AviationNew launch date for European launcher Ariane 6
SDA
5.3.2025 - 01:57
Last July, Ariane 6 was launched on its maiden flight with 20 microsatellites on board. (archive picture)
Keystone
The launch of the new European launcher Ariane 6, which was canceled at short notice on Monday, is to be rescheduled for Thursday. The new date for the departure of Ariane 6 from the spaceport in Kourou in French Guiana is now March 6.
Keystone-SDA
05.03.2025, 01:57
SDA
The launch is scheduled for 13:24 local time (17:24 CET), explained the French operating company Arianespace on Tuesday night. Prior to this, the technical systems on the ground had been checked again.

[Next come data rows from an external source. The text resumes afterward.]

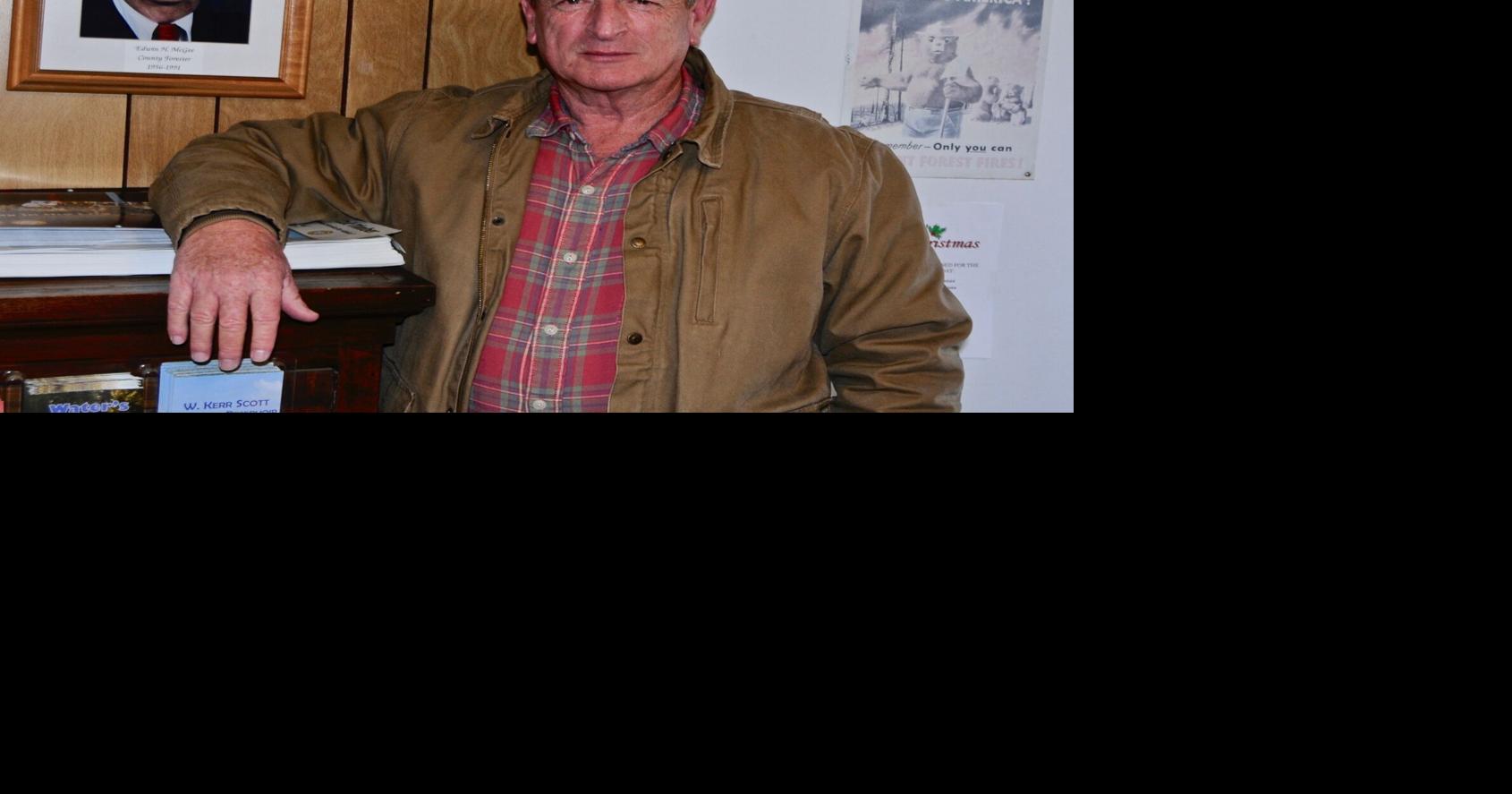 33 years of change in forest service | News | journalpatriot.com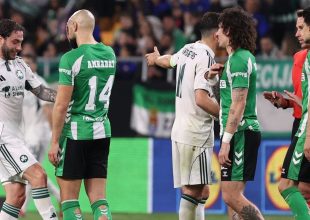 Παναθηναϊκός: Η φάση που προκάλεσε το χάος – Ήταν οφσάιντ το γκολ της Μπέτις;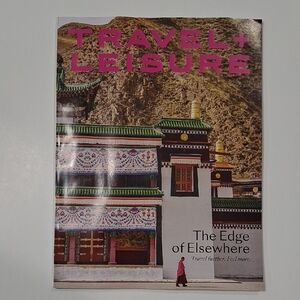 Travel + Leisure Magazine | November 2025 Issue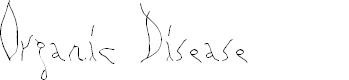 Preview image for Organic Disease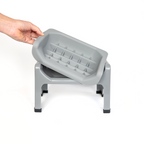 Elevated Pet Slow Feeder Bowl Set product image 3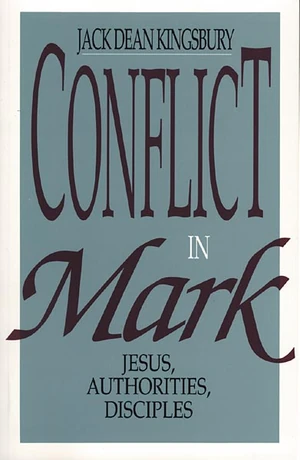 Cover of Conflict in Mark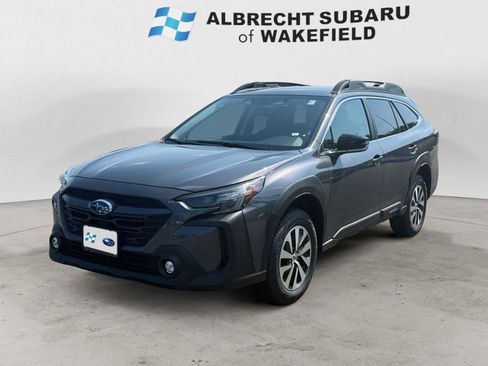 New 2025 Subaru Outback Premium image 1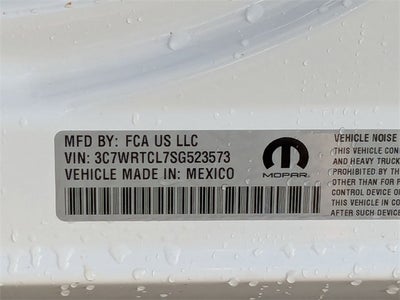 2025 RAM 3500 Tradesman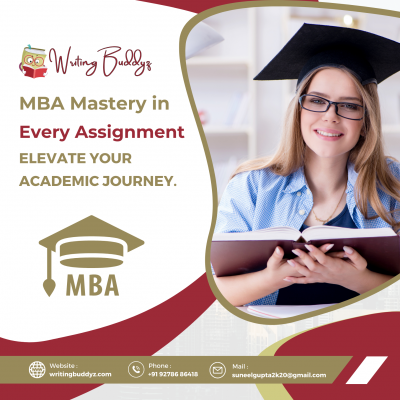 Strategic Minds & Words | MBA Assignment Writing Services: 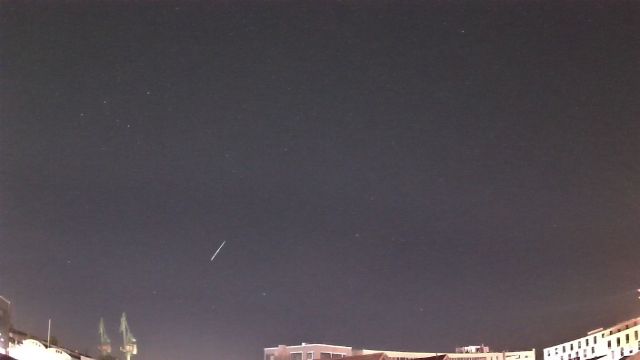 AMS62 meteor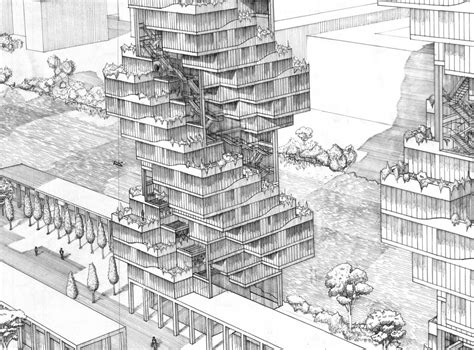 Futuristic Buildings Drawings 45++ Images Result | Koltelo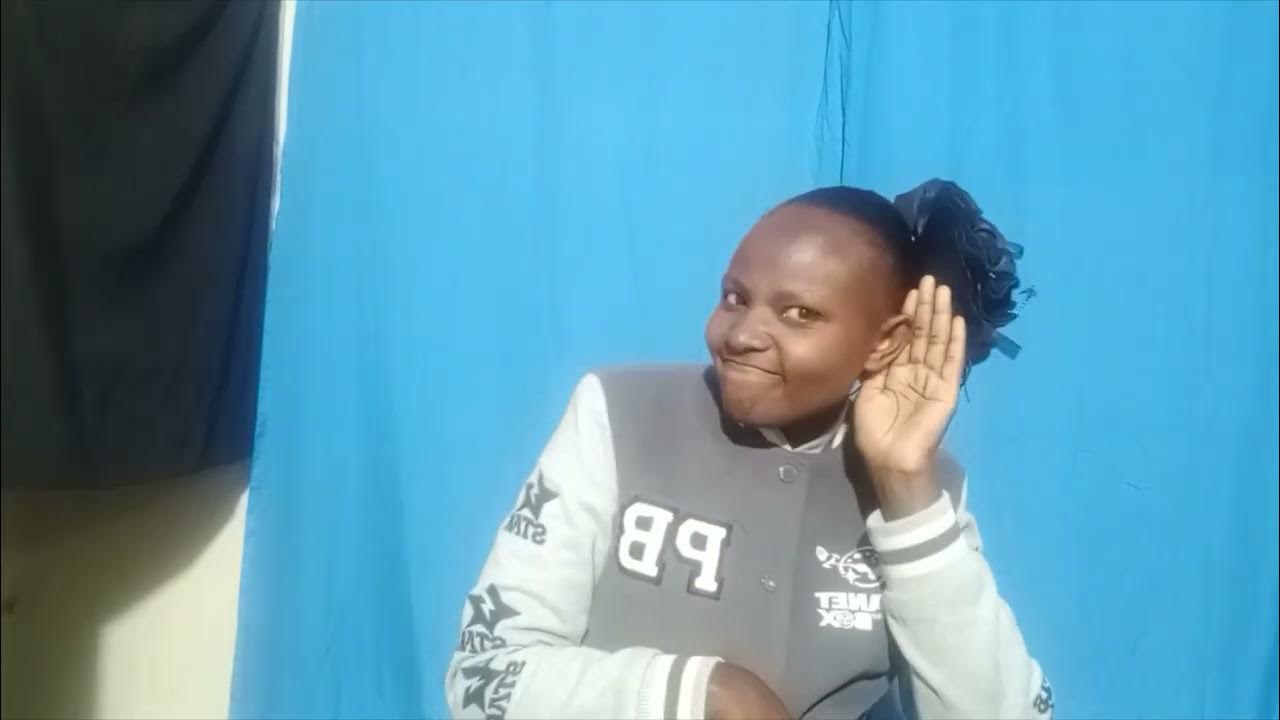 TRAINERS EXPERIENCE AND PRAYER IN A SIGN LANGUAGE CLASS YouTube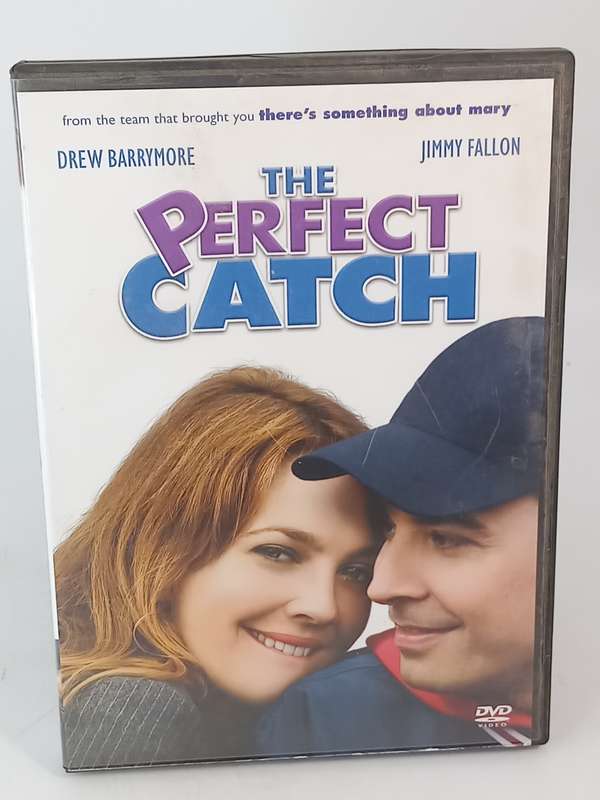 The Perfect Catch DVD - Drew Barrymore & Jimmy Fallon
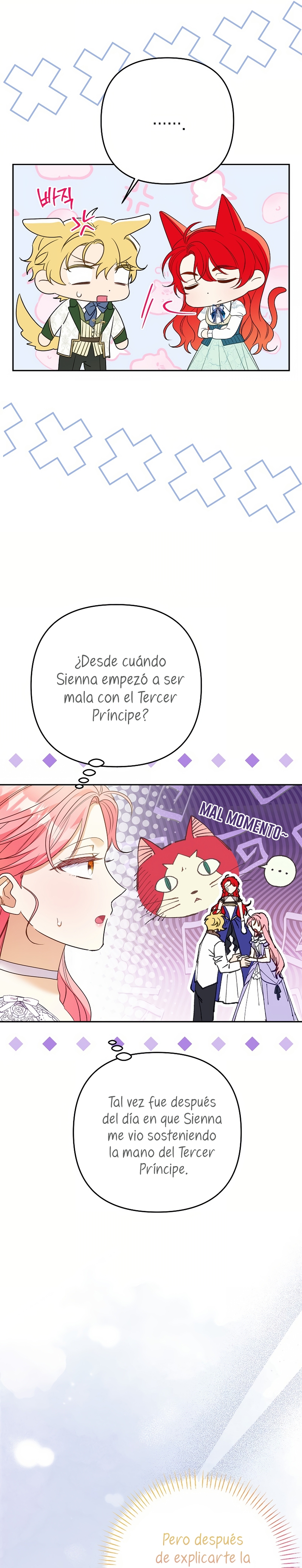 ¿Pensé que eras un esposo con tiempo limitado? Capítulo 57 - Page 30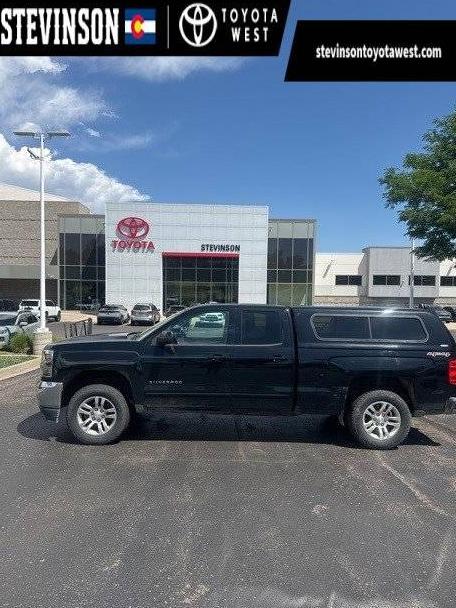 CHEVROLET SILVERADO 2017 1GCVKREC7HZ169012 image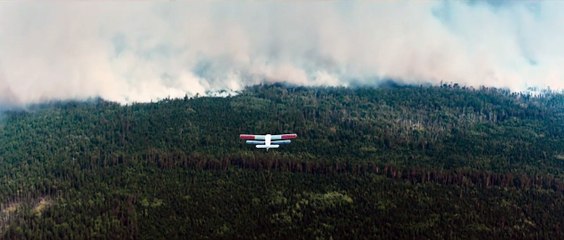 Fire - Im Kampf gegen die Flammenhölle Teaser DF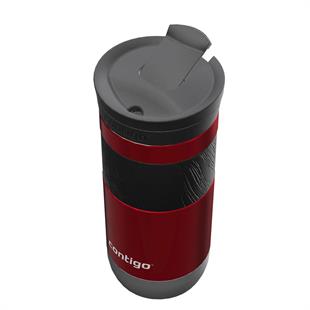 Contigo Byron Pro Snapseal Termos Bardak 470ML Kırmızı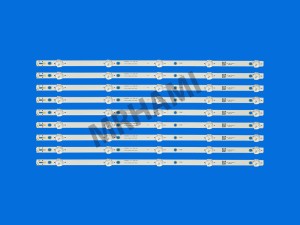 بک لایت تلویزیون اسنوا مدل 49SA220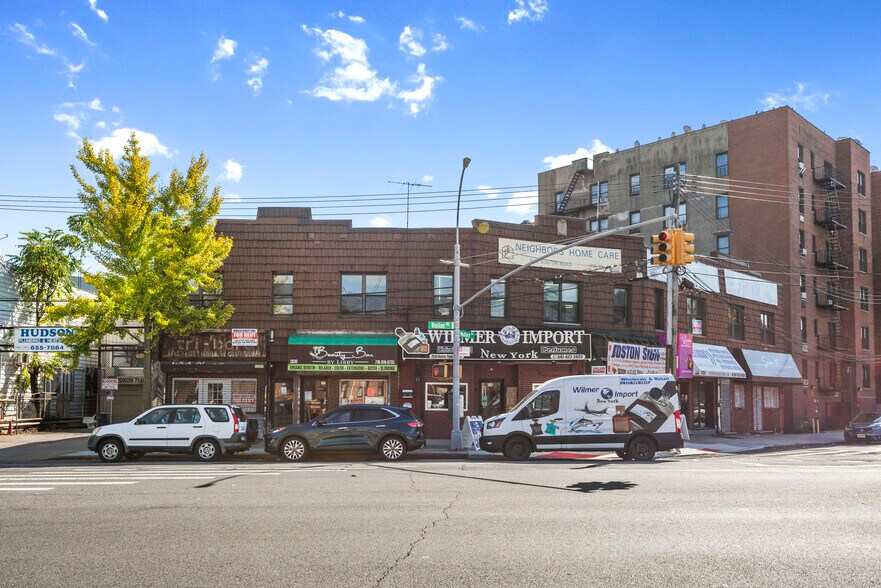 More Photos Of 2526-2532 Boston Rd, Bronx Storefront Retail Office For Sale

Arianespace had justified the last-minute cancellation of the Ariane 6 launch on Monday with an "anomaly on the ground". This had been discovered after the ground teams at the Kourou space center had already given the green light.
Last July, Ariane 6 took off on its maiden flight with 20 microsatellites on board. Towards the end of the flight, however, the rocket deviated from its trajectory. Arianespace later explained that the technical problems had been rectified and that nothing stood in the way of a second flight.
The launch, which is now scheduled for Thursday, will mark the first commercial flight of Ariane 6. The heavy-lift rocket is to launch the CSO-3 military reconnaissance satellite into space - the third and final satellite in a joint program involving several European countries under the leadership of France. The information gathered by the satellite network was to be used to supply Germany, among other countries.
Independence from the USA and Russia
With the new Ariane 6 rocket, Europe wants to become more independent of the USA and Russia in space travel. The predecessor model, Ariane 5, was launched for the last time in June 2023 after 27 years in service. After that, the Europeans were no longer able to independently launch satellites into orbit. Since Moscow's invasion of Ukraine in February 2022, they also no longer have access to the Russian Soyuz launch vehicle, which had been launched from Kourou for ten years.
The Ariane 6 project was decided in 2014 and cost 4.5 billion euros. Germany is the second-largest contributor to the European Space Agency's (ESA) Ariane 6 program after France. However, the lucrative launcher business is now dominated by US tech billionaire Elon Musk: Space X, the aerospace company founded by Musk, sends its partially reusable Falcon 9 launch vehicle into space twice a week on average.